Task to complete ->
Look for the line with "Üniversite Hentbol Takımı" in the data below, then reproduce word for word that line and every line after it. Leave out all pictures and add nothing.

Recorded data ->
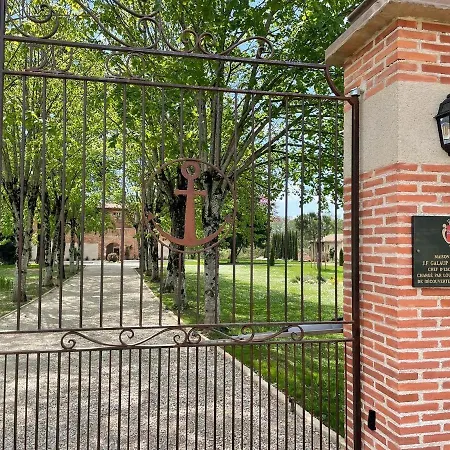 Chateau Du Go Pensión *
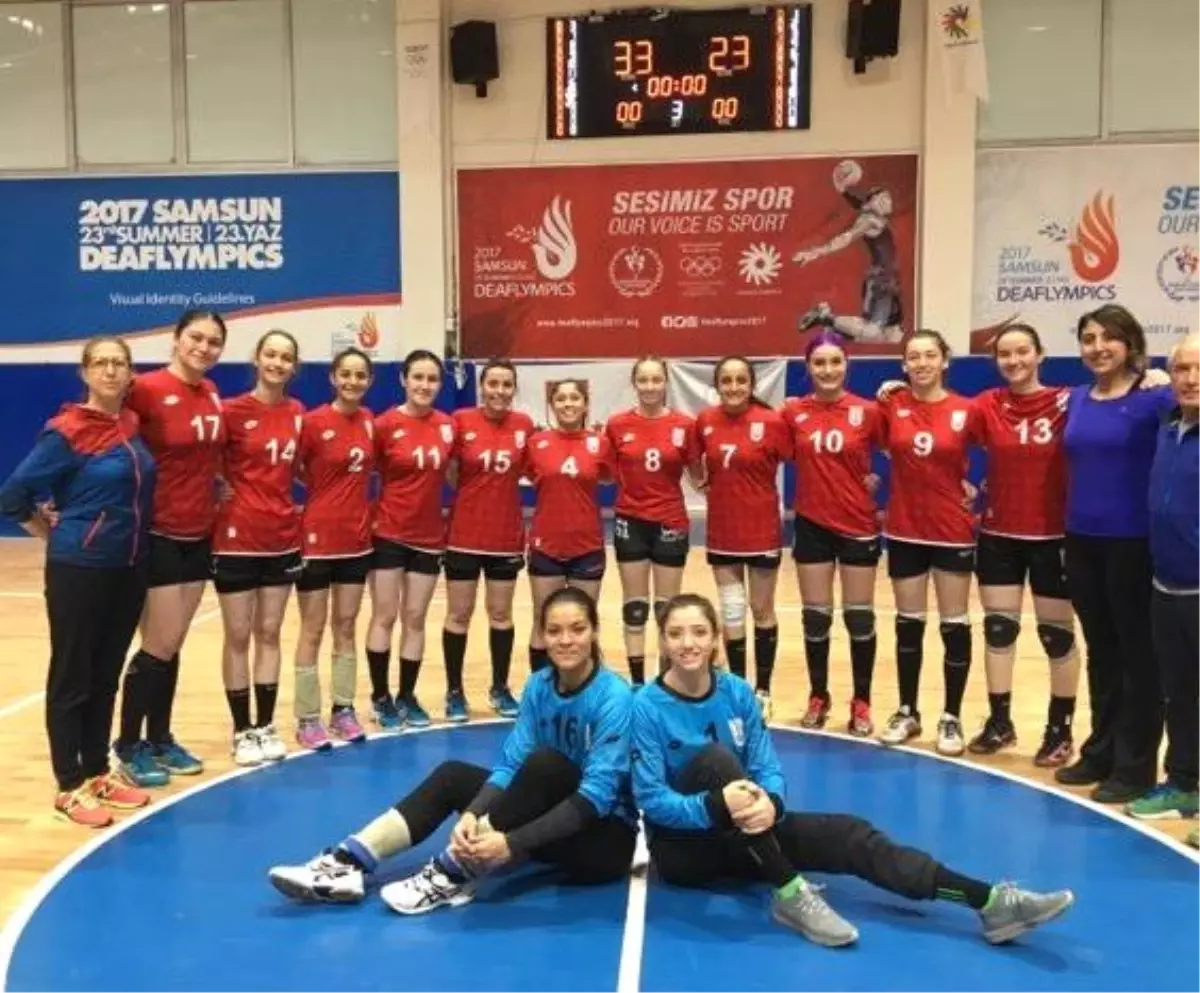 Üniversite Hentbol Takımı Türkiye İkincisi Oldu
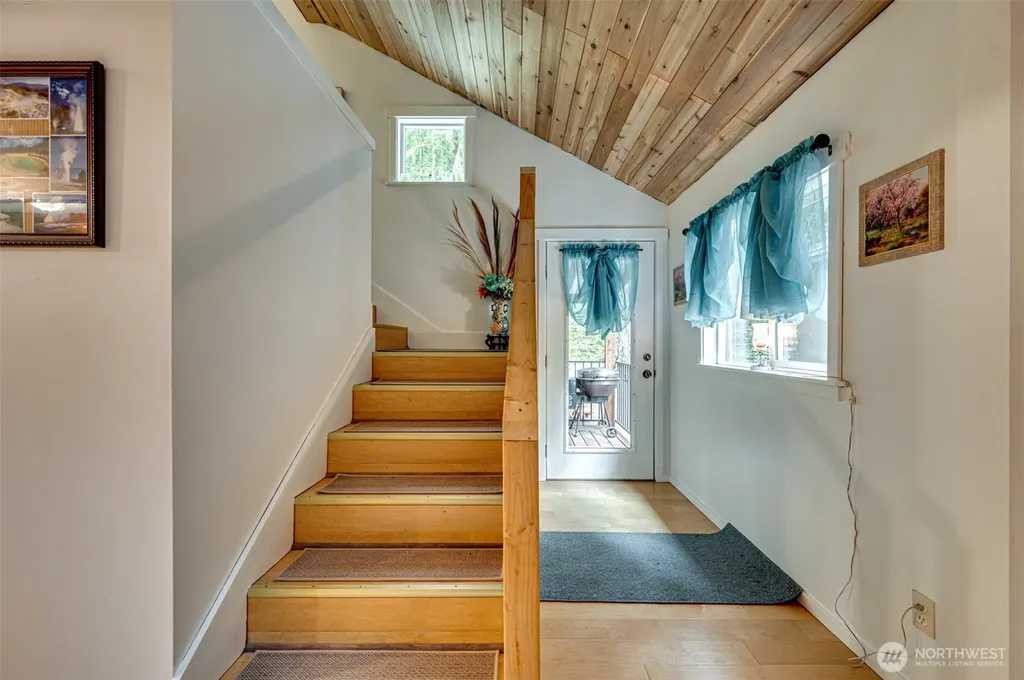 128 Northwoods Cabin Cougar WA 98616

Task answer ->
 Üniversite Hentbol Takımı Türkiye İkincisi Oldu
 128 Northwoods Cabin Cougar WA 98616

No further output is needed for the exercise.